September started out as a slow reading month. I hadn’t found a book I absolutely loved in forever, but after starting a Netgalley account toward the end of the month, my slump definitely improved. I’m still having some trouble with reading consistently, but I think the more the fall season progresses, the more books I can get through. Colder weather means more of an excuse to stay inside and read!
Part of what initially delayed my book count this month was attempting to read The Kiss Quotient and The Wedding Date. These two books have gotten so much hype in the blogging community, and initially, it looked like they would live up to those high standards. I loved that they both had unique heroines and, particularly in the case of The Kiss Quotient, provided insight into the minds of people who are rarely highlighted in fiction. But other than focusing on underrepresented perspectives, the overall stories weren’t very remarkable or investing to me. I couldn’t get on board with either author’s writing style, basically confirming to me that lately I crave stronger writing in order to really enjoy a book. I ended up abandoning both books about halfway through. I wanted to like them so badly, but they just weren’t for me.
Luckily, my September reading material drastically improved after I left the books behind. Life is too short to read books you’re not enjoying!
Good Luck With That, by Kristan Higgins (★★★☆☆)
Count this as more of a 3.5-star read. Authors never come to bookshops near me, so when I found out Kristan Higgins was making an appearance to promote this book at a new indie bookstore 15 minutes away, there was no way I was going to pass up the opportunity to see her.
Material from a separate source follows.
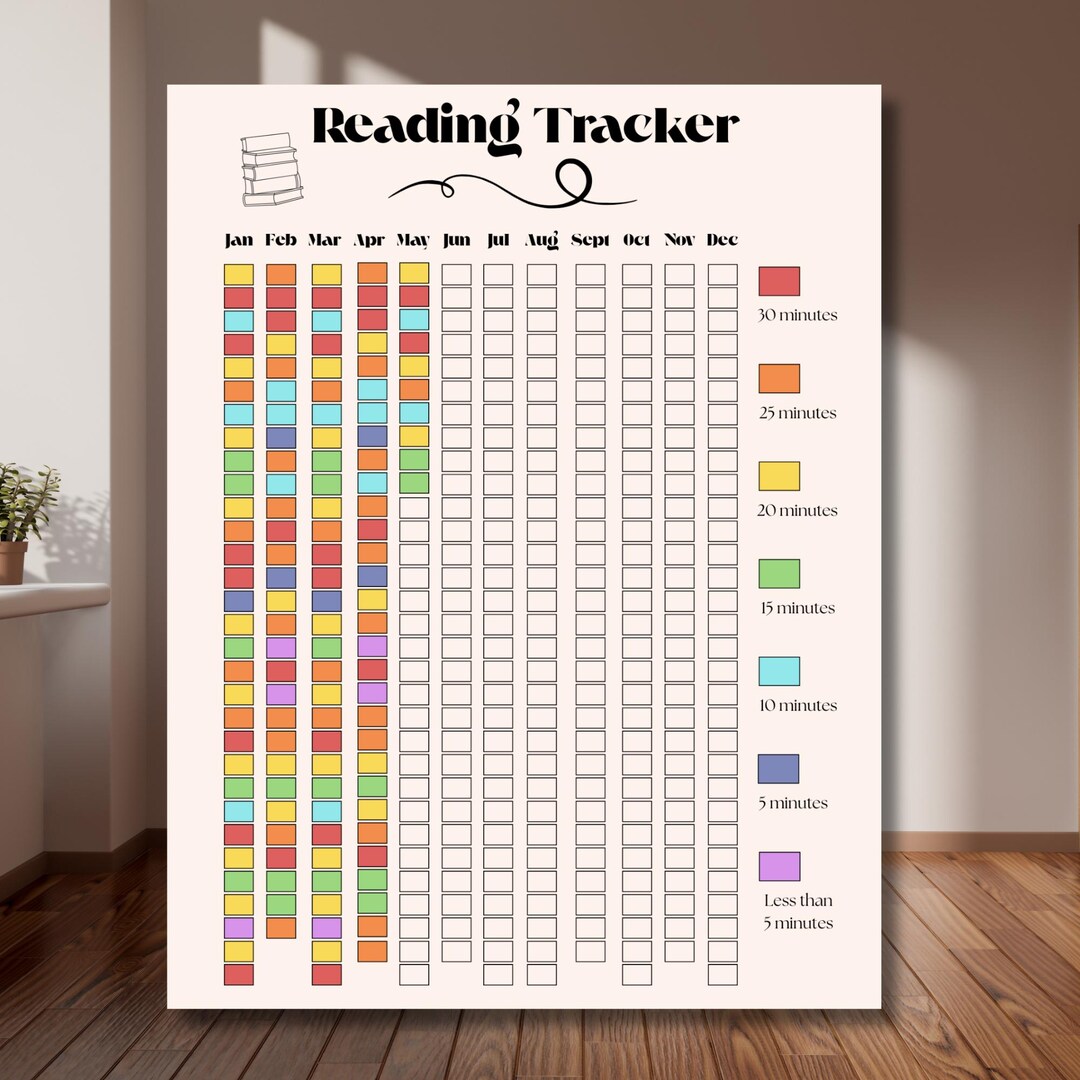 Reading Tracker | PRINTABLE Journal Page | Planner Page | Book Journal ...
Good Luck With That follows Marley and Georgia after their longtime friend from weight loss camp, Emerson, passes away from complications with obesity. Her death inspires the two women to achieve the simple goals they all listed as teens and assumed were only attainable if they were skinny.
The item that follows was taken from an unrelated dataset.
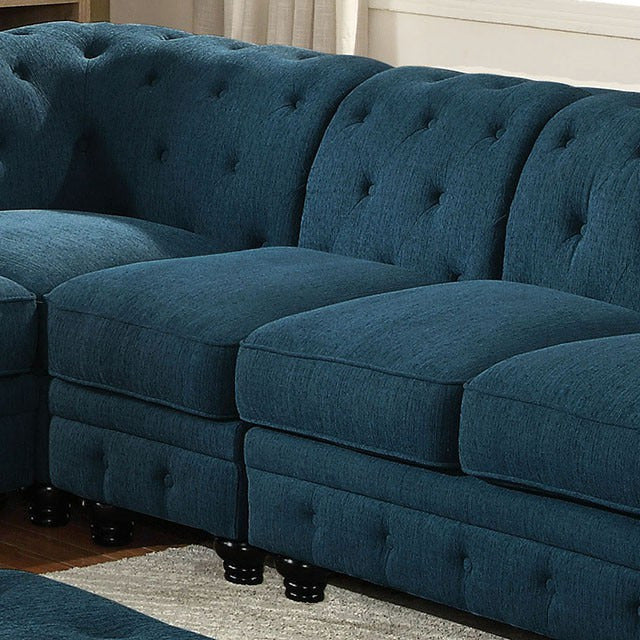 Stanford Armless Chair, Dark Teal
The conversation about this book online and at the signing was definitely multifaceted and opinionated. Addressing weight and body image in a way that helps people relate to book characters rather than feel isolated from them is complicated, and you can’t please everyone. While I’ve never had problems with my weight, I’ve always had on-and-off struggles with my self image and liking the way I look. Georgia and Marley definitely expressed some of my own feelings about self-esteem, but overall, this wasn’t my favorite Higgins book. The writing, setting, and family relationships didn’t stick out to me as much as past reads have, but the book’s focus is definitely a good conversation starter.